É nítida a diferença que faz arejar os pontos de vista quando se quer contar uma história. Fui presenteada, também um pouco golpeada, nos últimos dias, por duas obras que foram contadas pela perspectiva de uma criança. Ambas fizeram comigo o que crianças normalmente fazem quando entram em um lugar: trouxeram graça e agitação.
A primeira foi o livro “O paraíso são os outros”, de Valter Hugo mãe. Nele, uma menina fala sobre como enxerga os casais. E nessa de divagar sobre o que, para ela, parece o amor, toca pontos importantes que, de tão simples, podem passar despercebidos àqueles que já viveram um bocado de anos.

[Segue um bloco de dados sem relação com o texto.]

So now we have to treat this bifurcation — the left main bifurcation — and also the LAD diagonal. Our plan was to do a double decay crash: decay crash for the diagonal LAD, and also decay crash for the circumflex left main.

O livro deixa claro que a experiência de quem não viveu muito pode tornar visível partículas da realidade que vistas cansadas não enxergariam. Do seu jeito, a menina nos diz coisas diretas que parecem esquecidas com o tempo, como “a tristeza a gente respeita e, na primeira oportunidade, deita fora. É como algo descartável. Precisamos de usar, mas não é bom ficar guardada.”
A outra obra foi o filme “Projeto Flórida”, que está disponível na plataforma Amazon Prime. Muito diferente do que eu imaginava, o filme traz a história de Moonee, uma criança de 6 anos que mora com a mãe num motel nos arredores da Disney, em Orlando. A fotografia é deslumbrante, cores vivas típicas da Flórida, muito sorvete, passeios e brincadeiras, enquanto se descortina uma história forte com elementos que poderiam ser encontrados em bairros periféricos de todo mundo.

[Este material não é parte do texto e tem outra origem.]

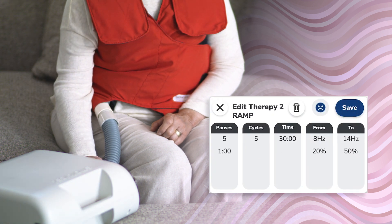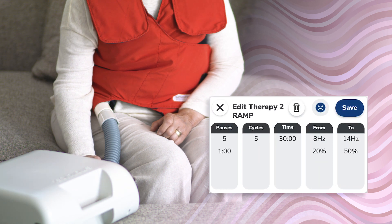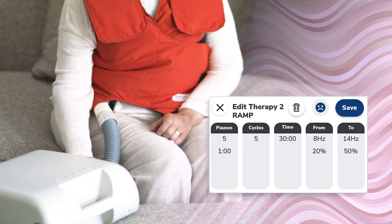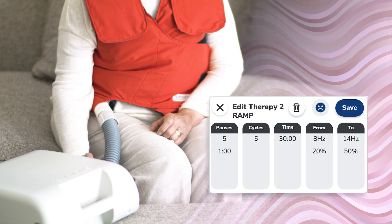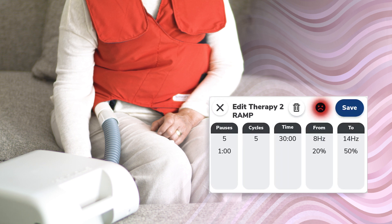From the edit therapy screen for ramp therapies, changes can be made to the pause, cycles, time, from, and to settings by tapping anywhere on the gray box. Changes can also be made to the therapy's label by tapping on the label icon.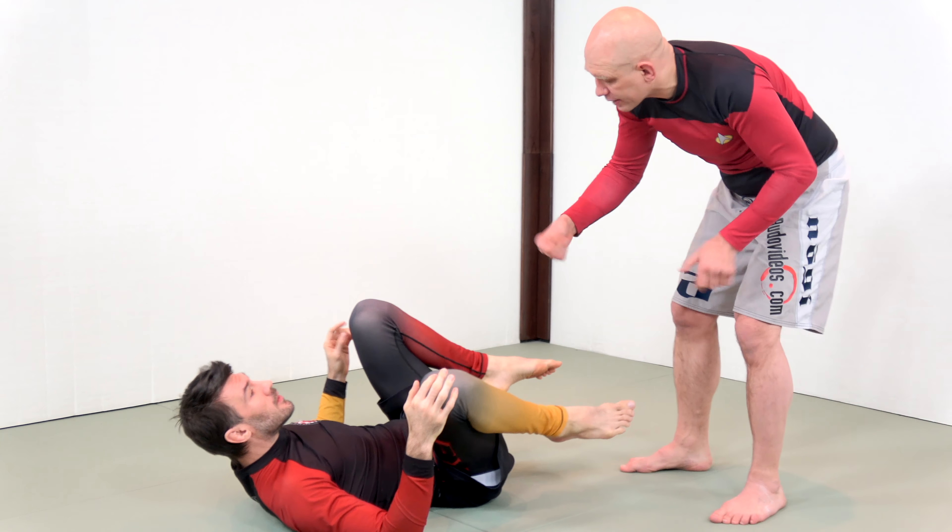If you extend your base in a way where I can't attempt a submission, you should hopefully be extended enough that I can then complete the sweep. So that sweep submission, again, problem, dilemma, whatever you want to call it, is the next kind of... Sweep submission back take.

Do jeito que ela é contada, podemos sentir como é terna a relação com a mãe, enquanto se desdobram várias questões sobre maternidade, desamparo e desigualdade social. Quando as coisas ficam mais pesadas, é nossa mente adulta e experiente que entende o que aconteceu, nada fica muito evidente pela perspectiva da menina, como na cena em que um senhor é posto para fora das dependências do motel, pelo gerente, enquanto a menina assiste de longe, brincando sobre uma mesa de piquenique. Ou ainda quando um pai se desfaz de todos os brinquedos do filho, uma cena que poderia ser triste, mas que parece uma festa para as crianças que herdaram os brinquedos.

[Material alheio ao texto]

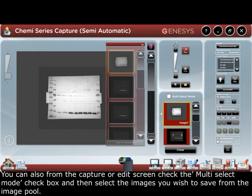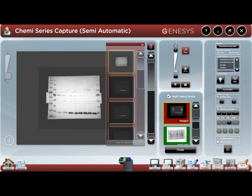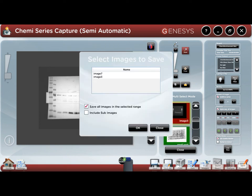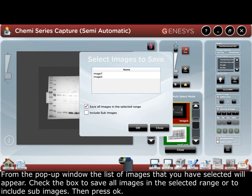You can also, from the capture or edit screen, check the multi-select mode checkbox and then select the images you wish to save from the image pool. From the pop-up window, the list of images that you have selected will appear. Check the box to save all images in the selected range or to include sub-images, then press OK.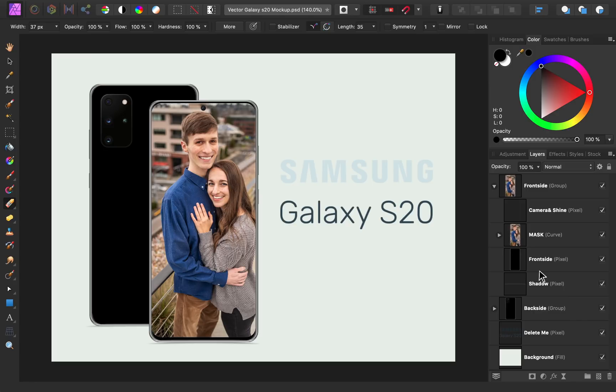Thanks for watching my friends, and I'll see you in the next Affinity Revolution tutorial!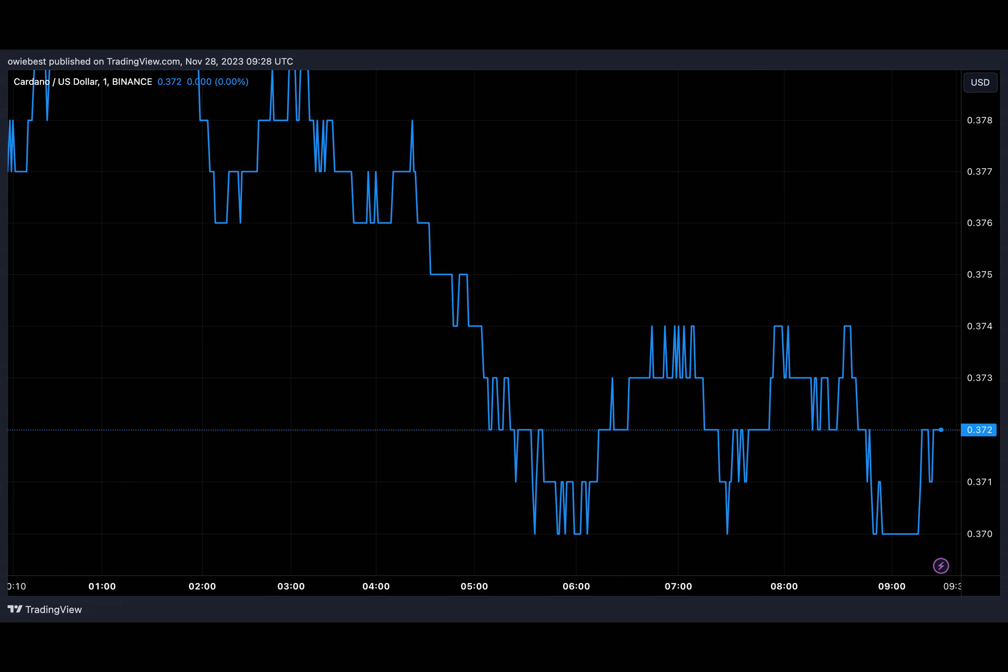Looking at the four hour chart, the analyst reveals that the 100 EMA has been the rebound zone for the digital asset. On the other side, 0.396 has been a level of stiff resistance. The TD sequential now presents a buy signal within this timeframe around the 100 EMA, anticipating another rebound, the analyst posits.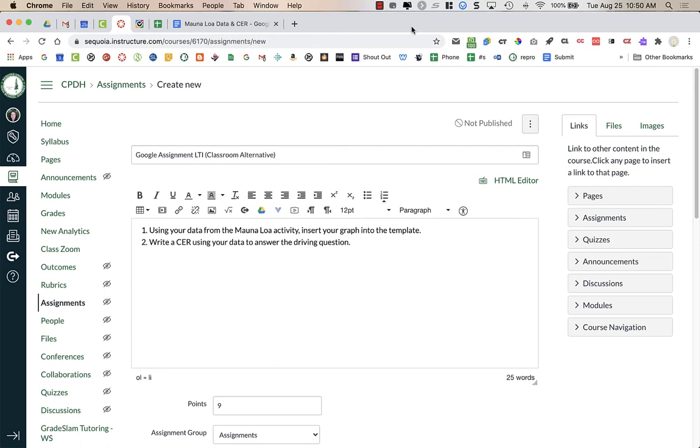If you have been using Google Classroom and you want to use Google Classroom within Canvas, that's actually possible using the Google Assignment LTI integration. It is a Classroom alternative that is run directly through Canvas.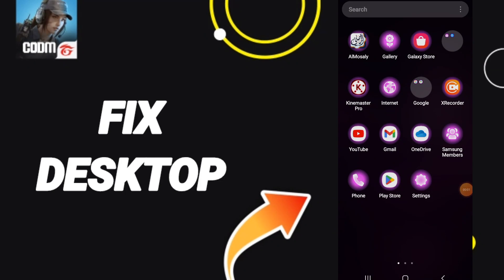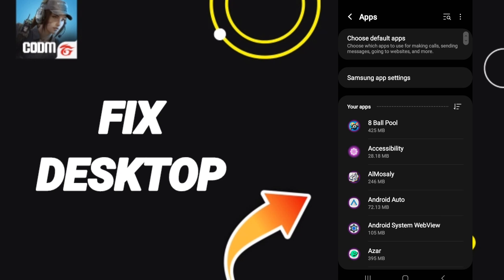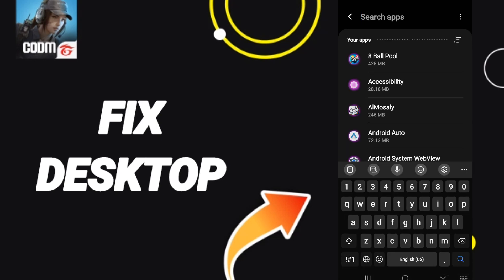Hello everyone, today we talk about how to fix the desktop application of Call of Duty. We click on Settings, then we click on Apps, after that we search for the app of Call of Duty.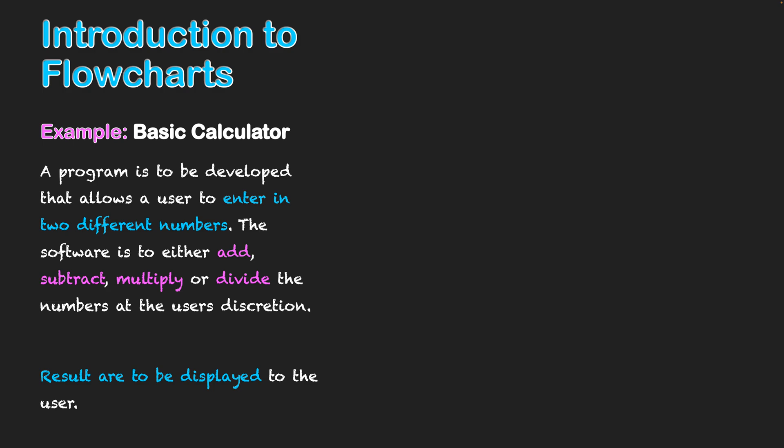So when you look at a question or a scenario that's asking you about a flowchart, try to think of it like this. Try to read the question and try to already straight away align it with what symbols need to be used.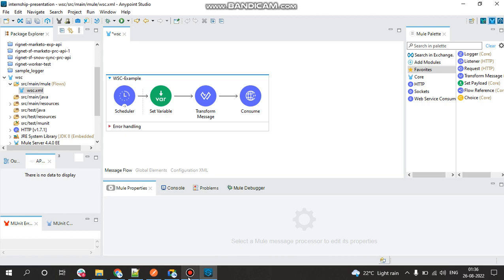In many cases you can use Anypoint connector for Workday or Anypoint connector for ServiceNow to connect to a service provider. However, when no connector is available as such, we can just use the normal Web Service Consumer connector which is published in the Exchange.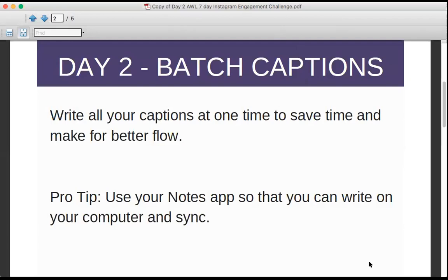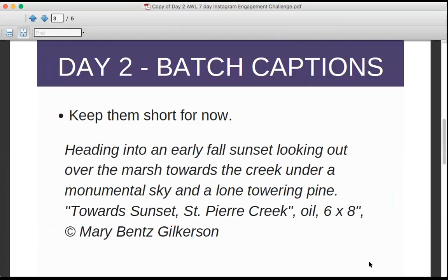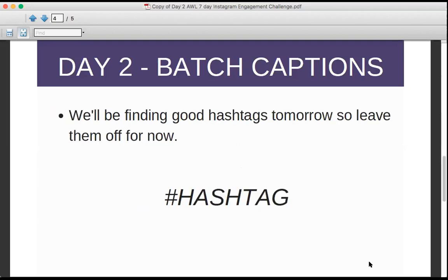Think about keeping these captions really short to start. Captions can be long or short — there's no magic formula on Instagram, and people do read long-form captions there. But for this challenge, done is better than perfect. Keep them short: write a one-sentence description of the image, the title, the medium, the size, and include your name and copyright information. That's all you have to put — one sentence for each of those images.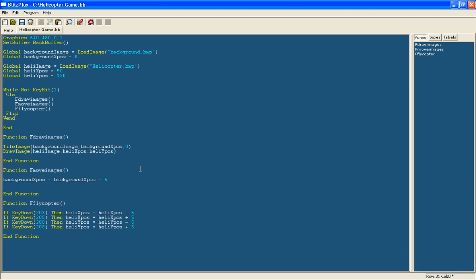I am just going to say if the background xpos is equal to minus 640, because that is the width of it, then background xpos equals zero. So it just goes back to the start but don't worry it will still tile it and it will look the same.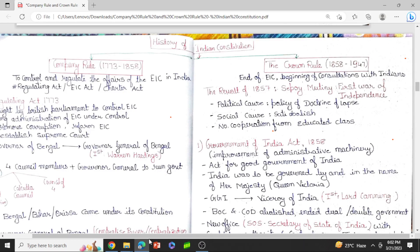Hello everyone, welcome to Concur Learning and welcome to today's video. I am Lakshmi Kushwaha. As we are doing the series on Indian Constitution, in an earlier video we started the historical background of Indian Constitution. In this video also we are going to do another part of the historical background.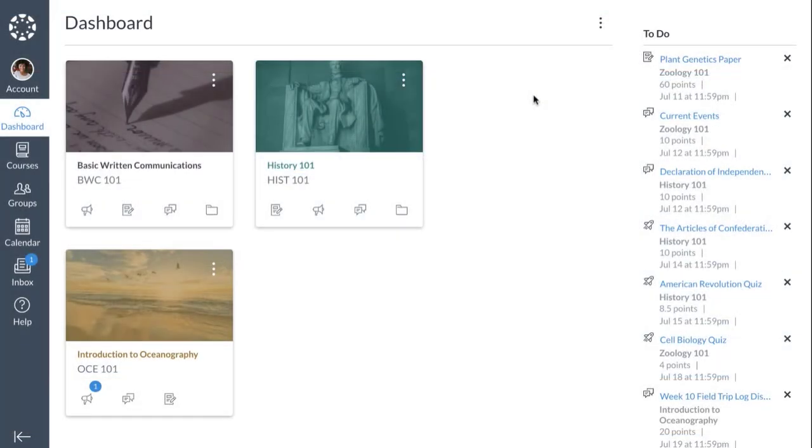When you log into Canvas, the first thing you see is the dashboard. It provides a high-level overview of your current courses.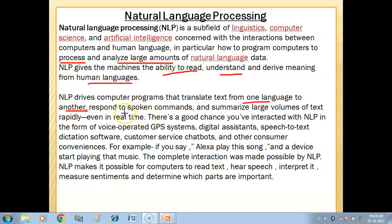NLP also enables programs to respond to spoken commands and summarize large volumes of text. This can happen in real time — meaning as soon as we provide the data, the machine processes it and we get the result immediately.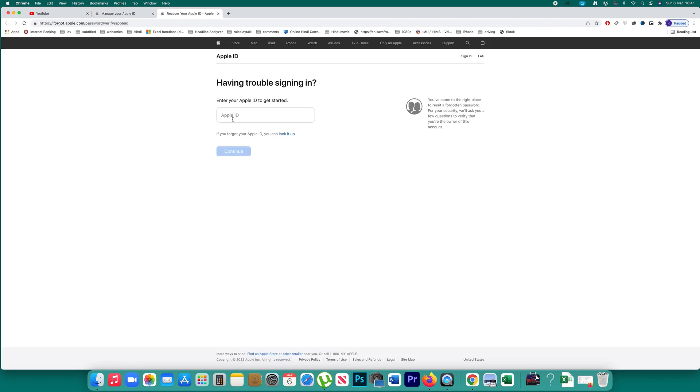Click on it. Since you don't know your Apple ID, click on this option. If you forget your Apple ID, you can look it up.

A história entrega muito mais nuances sem necessariamente ser direta. Acabei quebrando minha regra de ouro de não assistir filmes tristes, porque as cores alegres e a leveza inerente a infância deram a chance de tocar fundo sem necessariamente me abater. Terminei de assistir atordoada sem saber o que tinha achado. No fim das contas, os dois autores me enganaram certinho ao colocar as meninas para contar histórias que chegaram de fininho, feito criança arteira, ao meu coração.